3. Balla Wood (SE of Castlebar) : 

This is another good walk for families. It traverses mainly beech wood and there is a good loop walk that will bring you through part of the wood, past the golf course and back. If entering Balla from Castlebar, take the road to Mayo Abbey at the top of the village and turn right, when still in the village, signposted GAA pitch and golf course. Park your car where there is attractive wooden fencing on your left. The nice easy walk also has a lovely meadow in the middle of the wood, where your kids will like to play ‘hide and seek’ in the long grass during summer. 

4. Nephin Mór (Lahardane) : 

Nephin Mountain (806 m).

Nephin Mountain (806 m).

Back to the mountains. This climb will take between 3 and 4 hours up and down. Get to Lahardane, turn left just before you leave the village in the direction of Crossmolina, drive for ca. 2 km and you’ll see a rough carpark on your right. Park up there and take the forest track on the other side of the road. Keep to the left of the second forest and the wonderful corrie to reach the summit trig pillar. 

As with any mountain, be sure to bring a proper map with you – Ordnance Survey sheet no. 23. Preferably, do not go alone. 
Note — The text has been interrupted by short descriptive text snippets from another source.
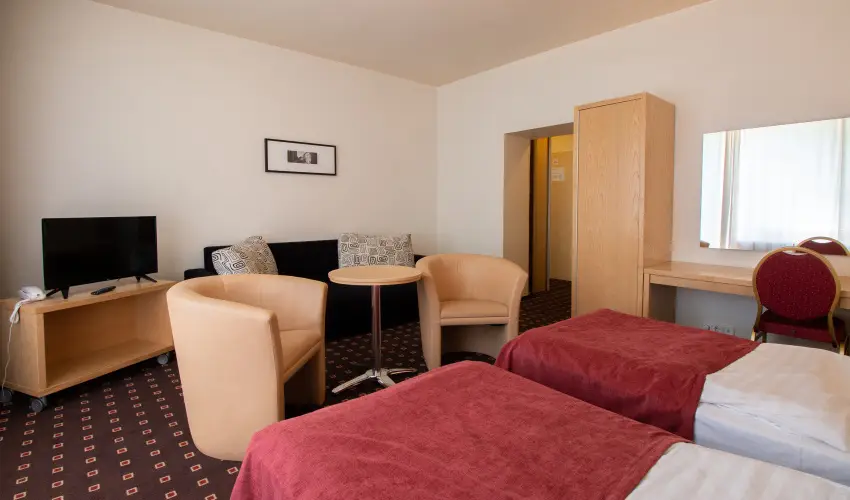 Laterum Hotel Pécs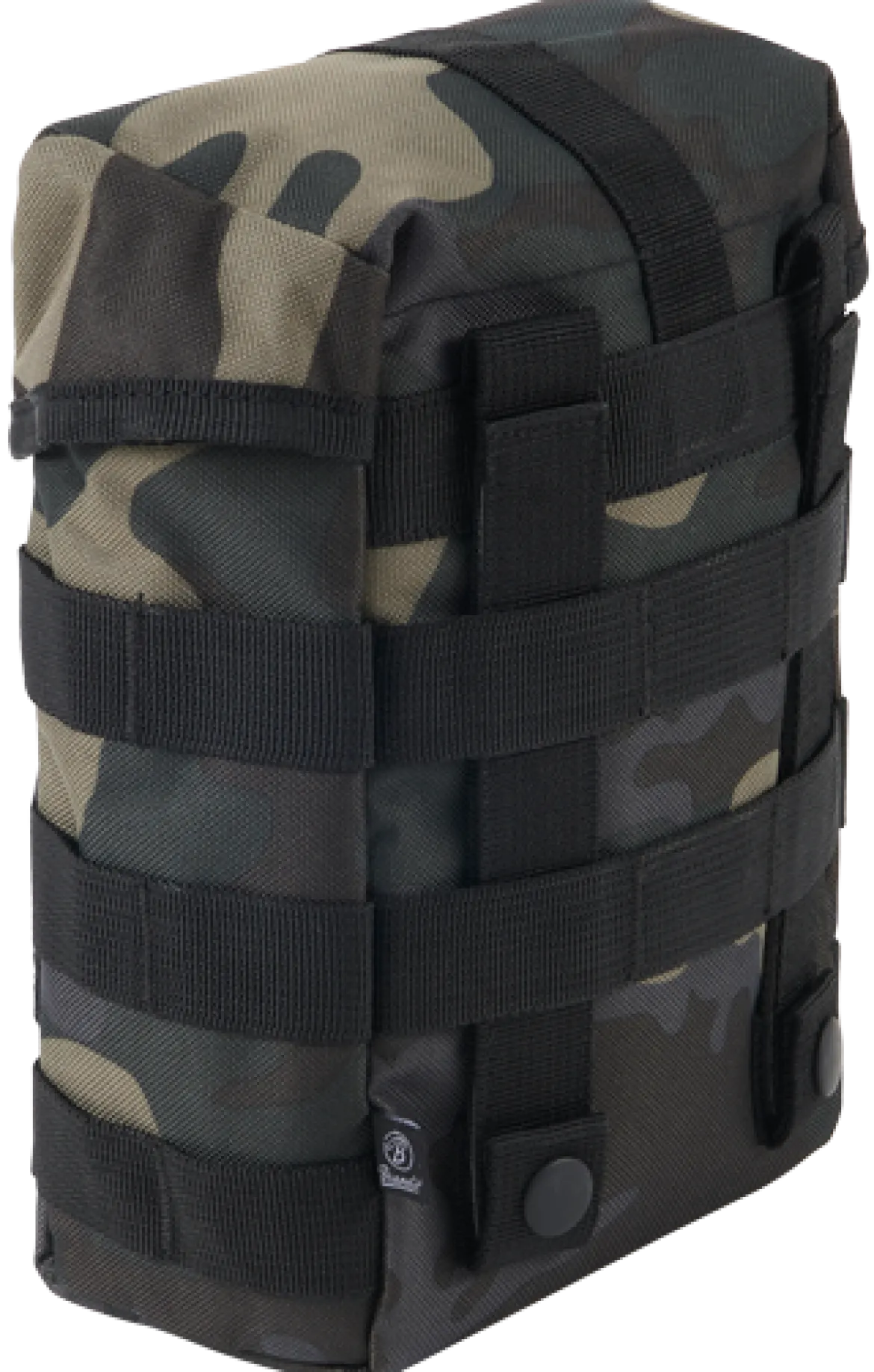 Molle Fire yleistasku - darkcamo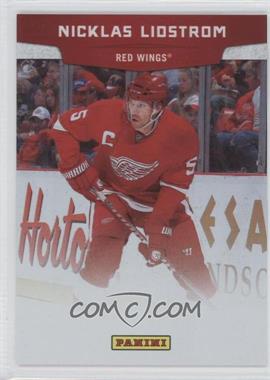 2011 Panini Toronto Fall Expo - [Base] #5 - Nicklas Lidstrom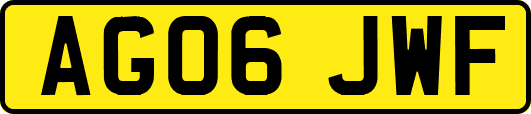 AG06JWF
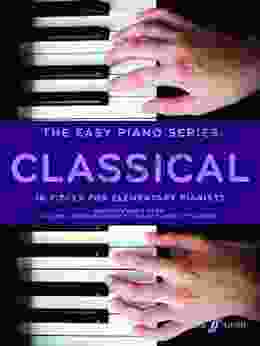 The Easy Piano Series: Classical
5. Corraun (W Mayo, before Achill) : 

For this on-road walk, turn left just after Mulranny village, down to where you’ll see the church, then continue out towards the sea. Most people will always head to either Achill or Ballycroy from Mulranny, but you will turn to the southern side of Corraun peninsula. Park wherever you can and just walk the little road as far as you like. There are wonderful views of Clew Bay and Clare Island, as well as out to the open ocean. 

6. Downpatrick Head (N Mayo) : 

Coming from Ballina, turn right before Ballycastle village and head out to the Head. See the amazing blow holes and the extraordinary Dún Briste sea stack. Walk along the cliff tops, but be careful not to get too close. Strong gusts can come at any moment. Do not bring children up here. This is the North Atlantic. 

Afterwards, if you like, return to Ballycastle and continue westward along the road and visit the Céide Fields just beyond, or look out over the cliffs from the excellent viewing stand opposite the car park for the Fields.